He was India’s first to hit good balls for runs: Manjrekar on Sachin Tendulkar’s impact in the 90s
Former cricketer-turned-commentator Sanjay Manjrekar claims the Indian cricket team of the 1990s was heavily dependent on Sachin Tendulkar. Tendulkar, a former teammate of Manjrekar, was the leading ODI run-scorer between 1990 and 1999, compiling 8571 runs, and sixth-highest in Tests with 5626. But Tendulkar mostly emerged as a one-man army as India’s Win/Loss ratio in the 90s stood at was 1.016, having won 122 of the 257 ODIs played.
“Sachin Tendulkar the batsman made his debut in 89. In just about a year, he got an 80 in New Zealand, he got his first hundred in England and by 91/92, the world was looking at him as a world-class player,” Manjrekar told India offspinner R Ashwin during a chat on Instagram Live.
“The age was always a factor, just 17 years old.
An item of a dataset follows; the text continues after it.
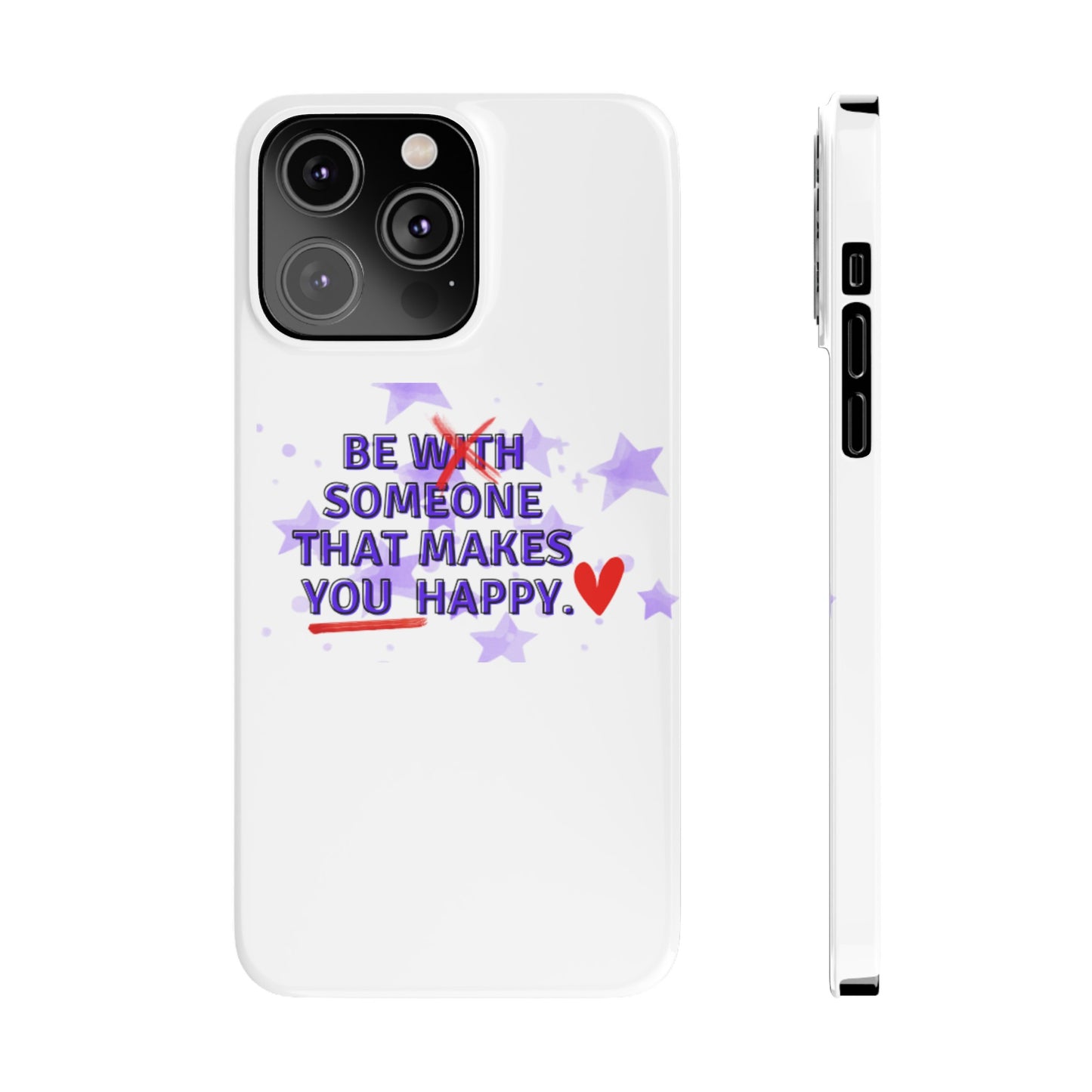 BE SOMEONE THAT MAKES YOU HAPPY Slim Phone Cases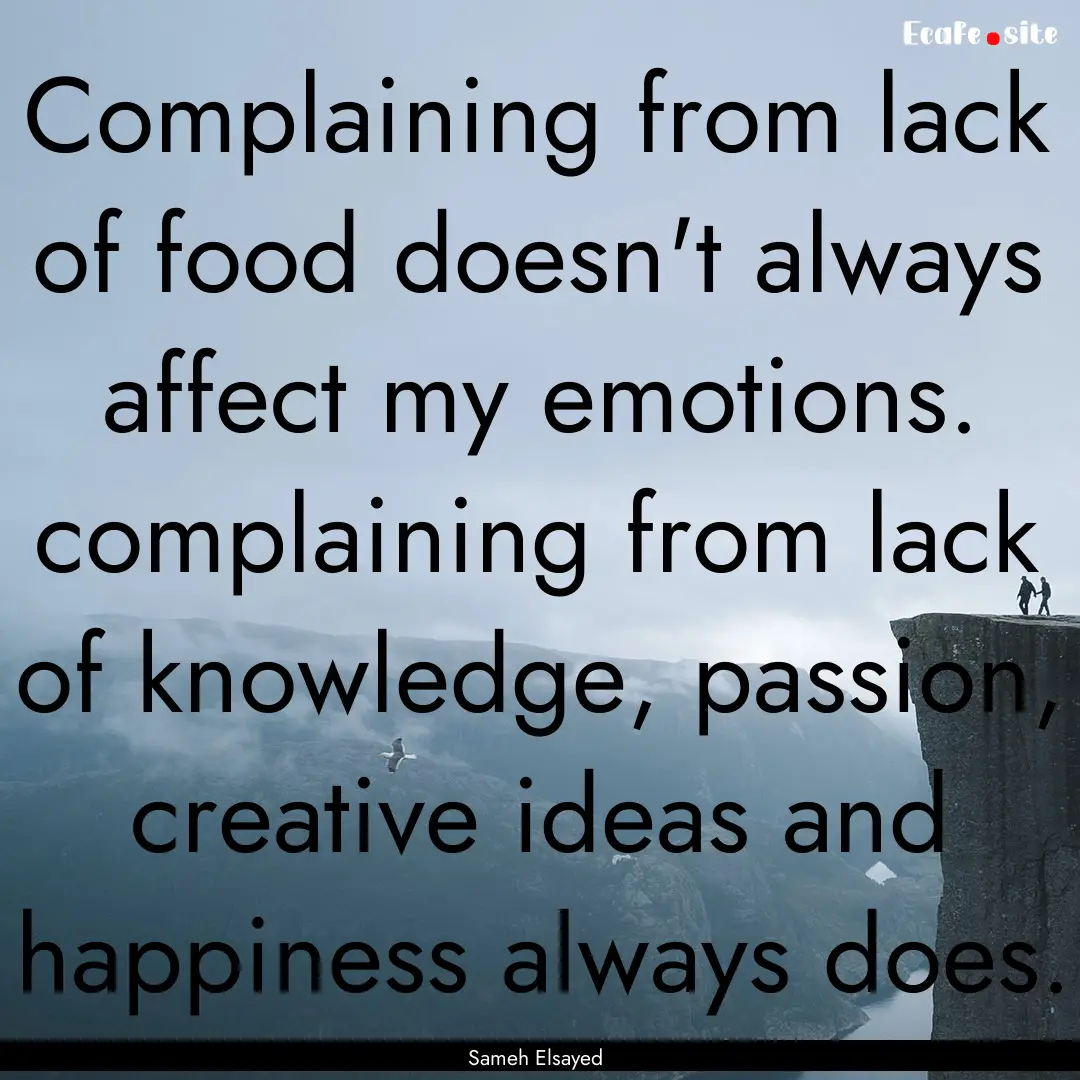 Complaining from lack of food doesn't always.... : Quote by Sameh Elsayed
And the way he was dominating quality attacks. For us in the team, there was no doubt that this guy was in a different league.”
The sight of Tendulkar carrying the burden of the whole team single-handedly was a common sight in the 90s. While the rest of the batsmen mostly struggled on hard, bouncy wickets abroad, Tendulkar would peel off centuries against the best bowling attacks – his knocks of 114 and 148 at Perth and Sydney in 1992, a masterful 111 and 169 vs South Africa at Johannesburg (1992) and Capetown (1997) remain a testament to his genius.
By the time Sourav Ganguly and Rahul Dravid announced themselves on the international scene in late 1996/early1997, the batting responsibilities began being shared between the three. However, between 1990 and 1997, Manjrekar reckons it was all Tendulkar.
“Unfortunately, by 96/97, the team was really too dependent on Tendulkar. Because, you know, he was damn consistent. And he was India’s first batsman who was able to dominate and hit good balls for runs,” he said.
“Until then, India was about defensive batting and putting the bad balls away, like Sunil Gavaskar. A couple of sessions of giving respect to the bowler and then, you know, as they tire out, you get a loose ball and you score off it. Sachin would hit a good ball from a quality bowler on the up for four.”